If you follow ESPN, you know Michelle Beadle. She’s the cohost of SportsNation on ESPN2. She is also well known for being harassed on Twitter. Daily. She’s a great journalist, and she has a lot of followers, but sometimes her extreme bias gets her in some trouble with Twitter trolls.
Beadle is a huge San Antonio Spurs fan, and thebiglead recently ran an article on Beadle standing in front of other fans during the NBA Playoffs. What was apparently supposed to be a tongue-and-cheek, playful Monday filler, turned into more when Beadle reacted.
First- worst thing you can do is react. Usually, her reactions are funny
… case in point.
However, she even had her boyfriend tweeting the columnist, which ended up leading to another article about how she’s vengeful as well.
My perspective: we (female sports journalists) should stop helping our trolls. Britt McHenry learned her lesson when she reacted to a tow company worker, as I wrote about in my last blog.

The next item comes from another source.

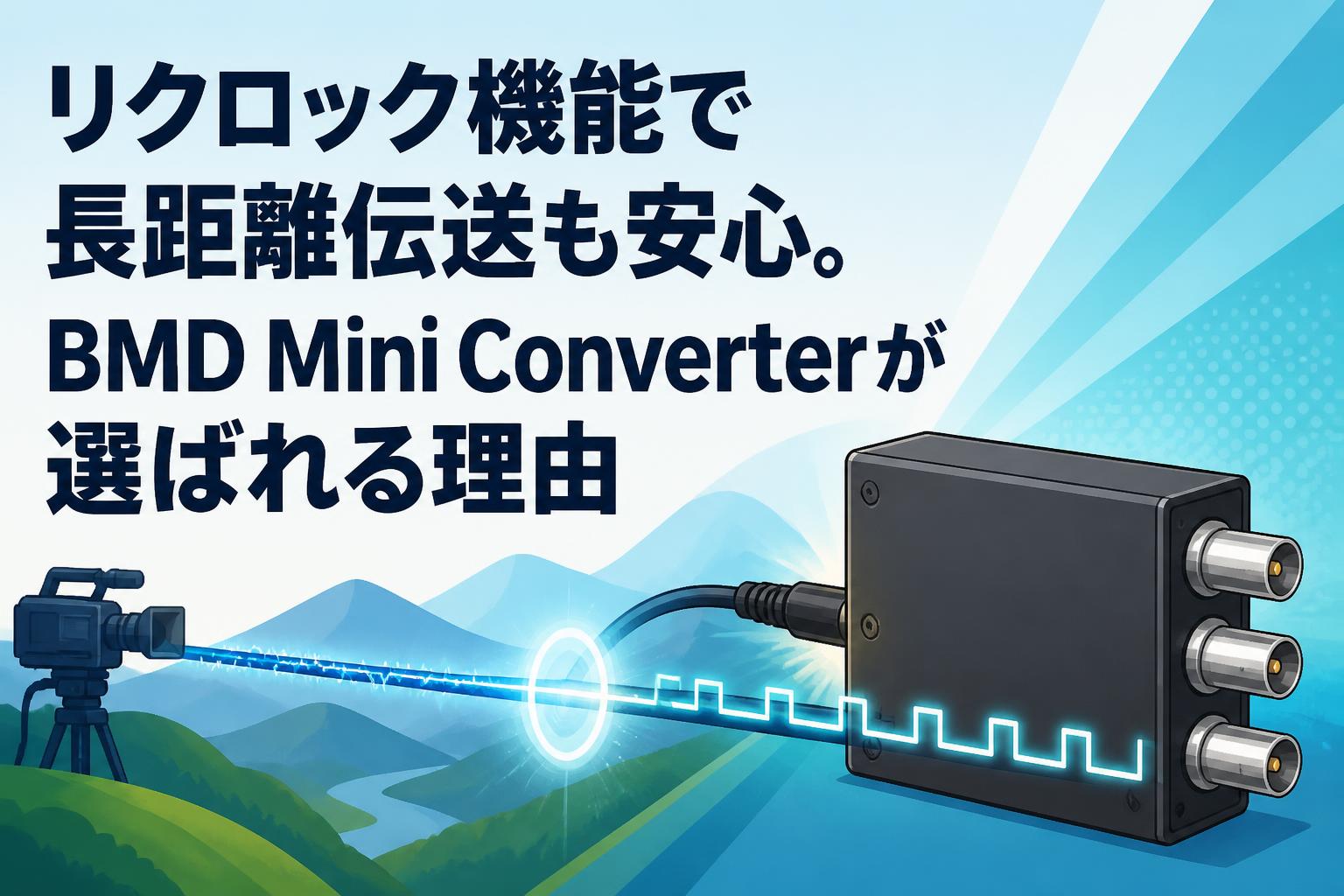 リクロック機能で長距離伝送も安心。BMD Mini Converterが選ばれる理由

The Trendy Trainer recently posted about ignoring trolls and gave some good advice:
“Nobody interesting is truly liked.”
We as females need to stop replying to trolls and focus on our careers, on our interests and not try to defend ourselves when someone attacks us. You don’t often see male journalists engaging in that on Twitter (although they don’t have near as many trolls). Athletes tend to ignore it altogether. Beadle is lucky-she’s known for this. But when we get out of hand and take it too far, whether in person or online, it gives us all a bad reputation. And seriously- do we need to make it harder on ourselves?